TASK DIRECTIONS = Each line of the data must reappear exactly in your answer, with no images included.

INFORMATION SUPPLIED =
• • • • •

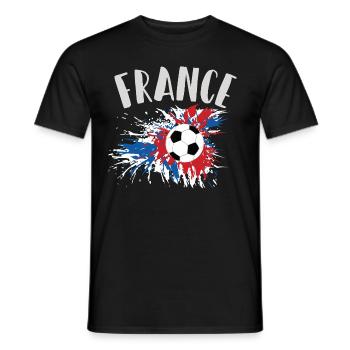 Drapeau français grunge avec ballon de football - T-shirt homme - noir - Devant - AI Model Male 178 light (178cm)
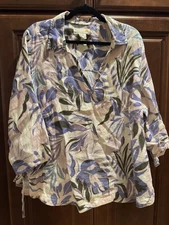C&C California 100% Linen Floral Tunic Top Blouse Size 1X Short Sleeve Knit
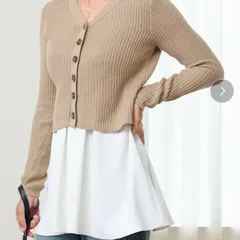 ✨新品未使用✨　SWEET MOMMY   スウィートマミー　マタニティウェア　ニットカーディガン　授乳対応キャミソール　セット売り　ベージュ　オーガニックコットン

• • • • •

SOLUTION FOR THIS EXERCISE =
 Drapeau français grunge avec ballon de football - T-shirt homme - noir - Devant - AI Model Male 178 light (178cm)
C&C California 100% Linen Floral Tunic Top Blouse Size 1X Short Sleeve Knit
 ✨新品未使用✨　SWEET MOMMY   スウィートマミー　マタニティウェア　ニットカーディガン　授乳対応キャミソール　セット売り　ベージュ　オーガニックコットン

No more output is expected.